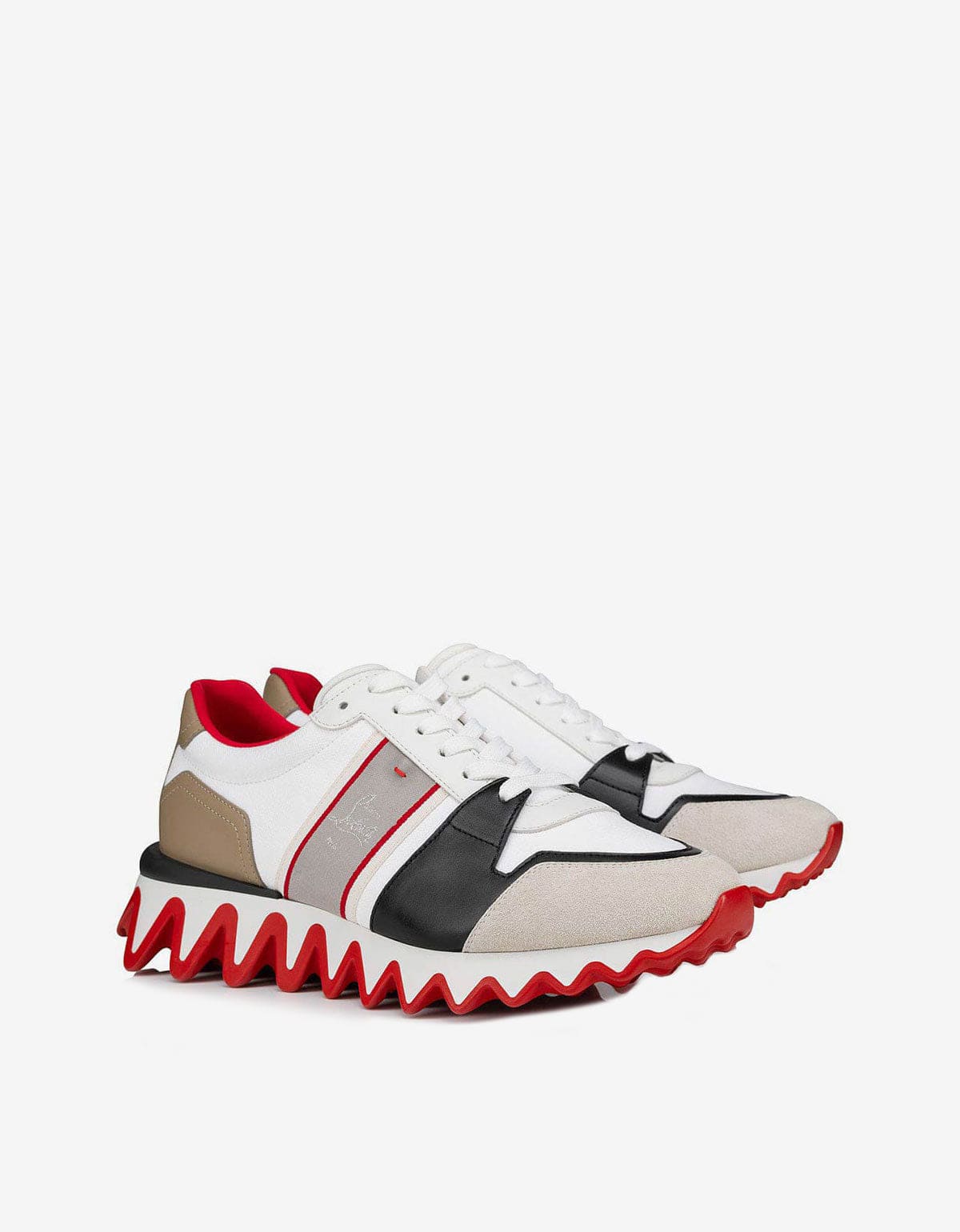 関税込 Christian Louboutin レザー＆キャンバス Nastroshark Nastroshark - Running Sneakers - Calf leather and fabric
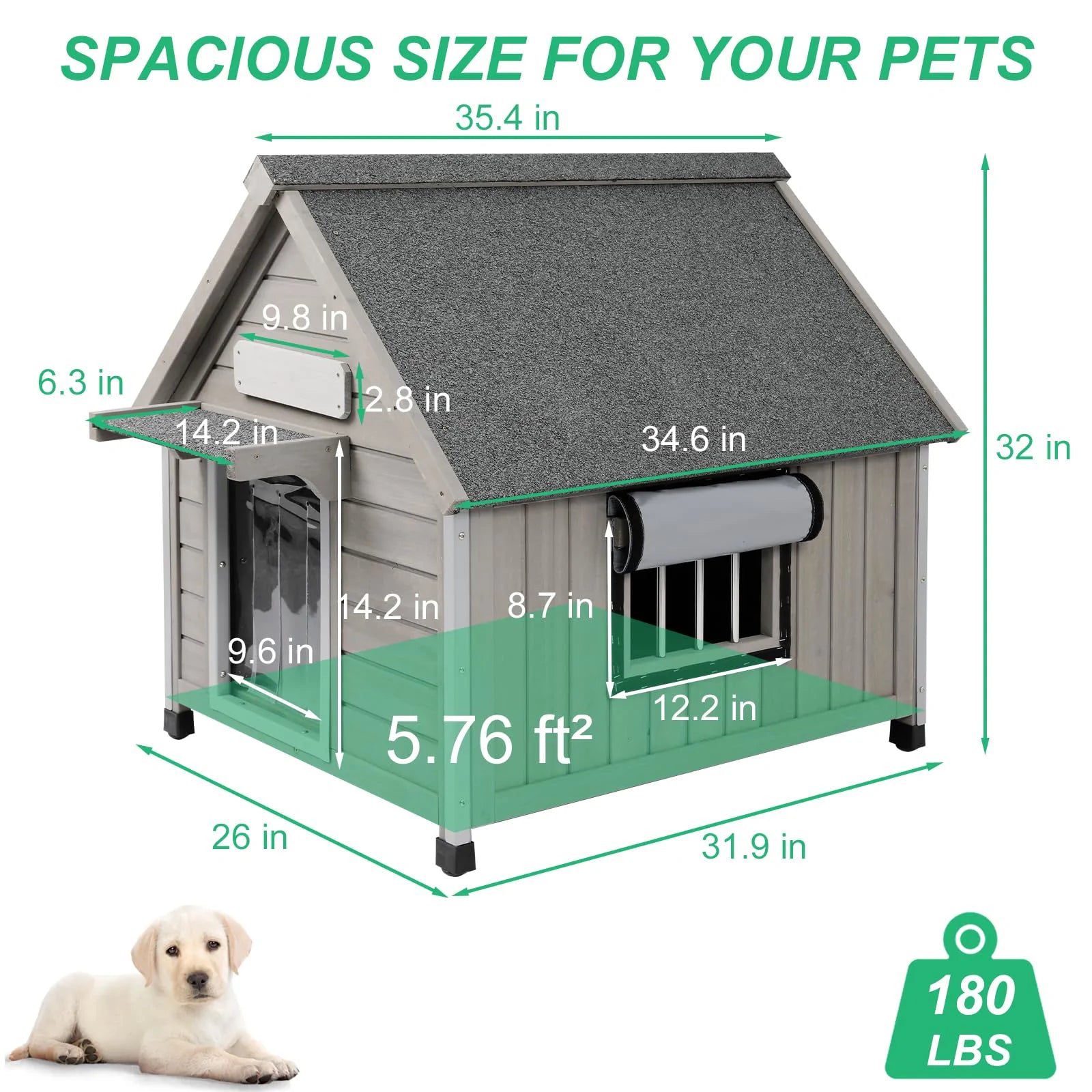 Durable waterproof asphalt roof dog kennel for small dogs
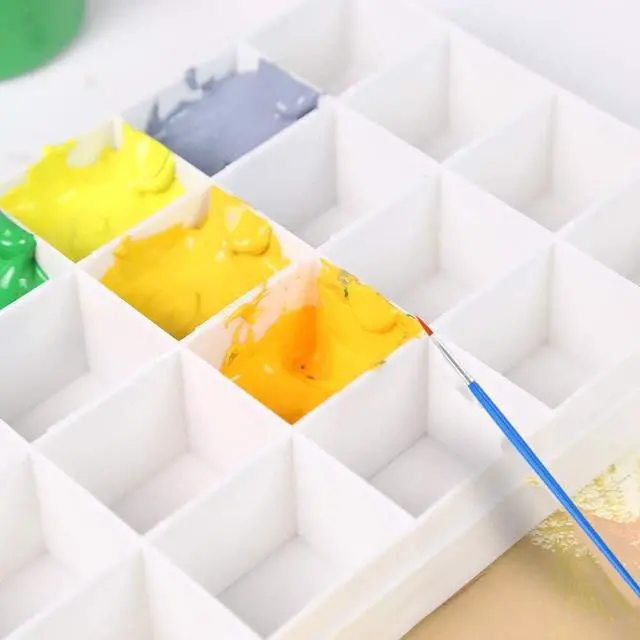 Alt view image 4 of 7 - 24 Paint Palette Plastic Paint Holder Watercolor Paint Saver Art Gouache Acrylic Graffiti Paint Wells Rubber Lid Trays Prepared for Artists, Students and Children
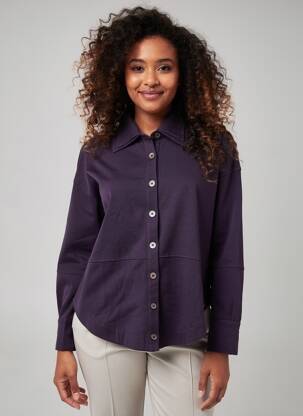 Chemisier coupe droite manches longues violet HANA SAN femme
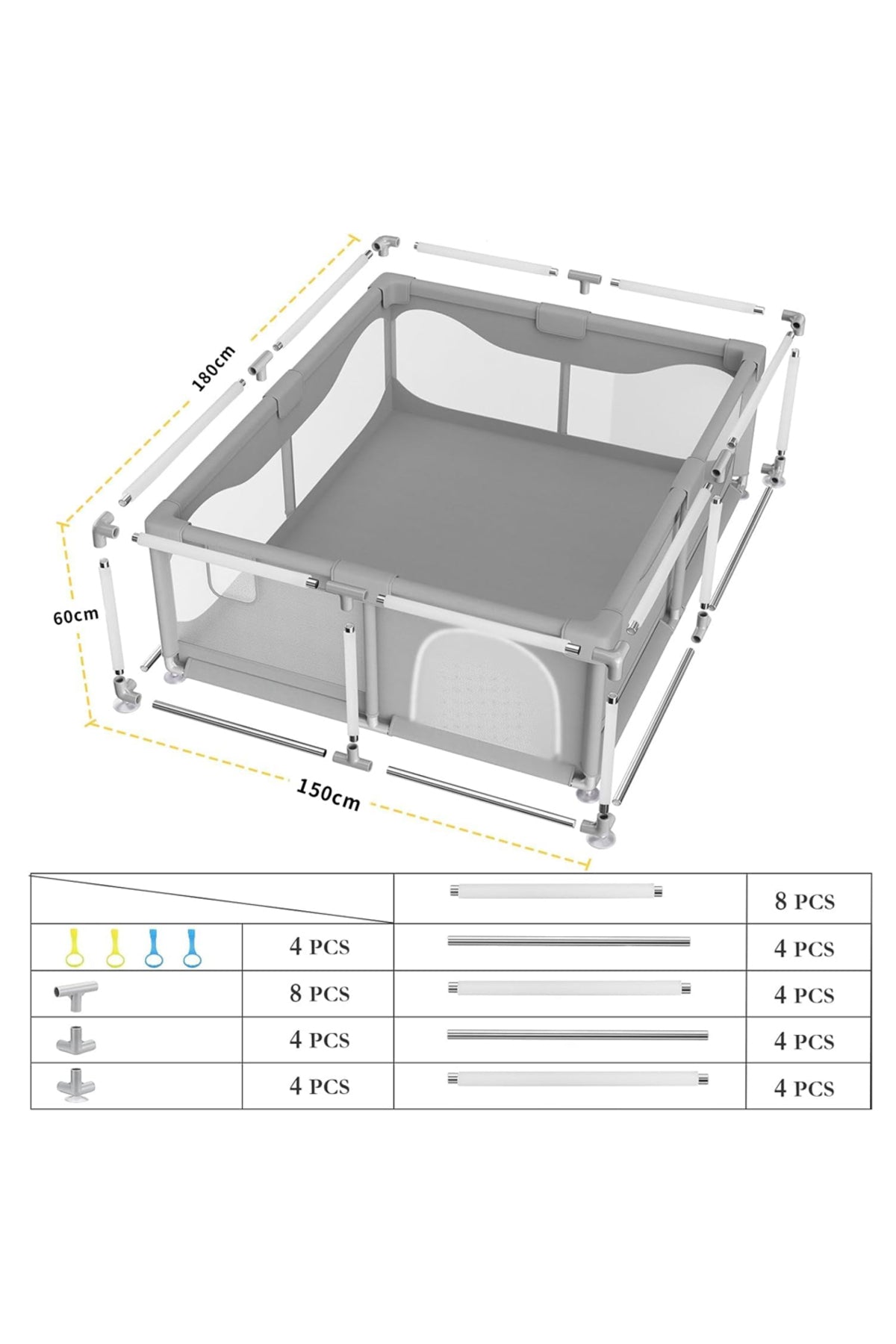 Star Babies - Baby Playpen With 4 Pull-Up Rings - Dark Grey - 180 x 150 cm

##############################

▶ [TASK ITEM]:
Restate word for word the lines starting at the one that contains "Durable waterproof asphalt" and ending at the last line of the data. Skip every picture.

▶ [RESPONSE TO THIS TASK]:
 Durable waterproof asphalt roof dog kennel for small dogs
 Alt view image 4 of 7 - 24 Paint Palette Plastic Paint Holder Watercolor Paint Saver Art Gouache Acrylic Graffiti Paint Wells Rubber Lid Trays Prepared for Artists, Students and Children
 Chemisier coupe droite manches longues violet HANA SAN femme
 Star Babies - Baby Playpen With 4 Pull-Up Rings - Dark Grey - 180 x 150 cm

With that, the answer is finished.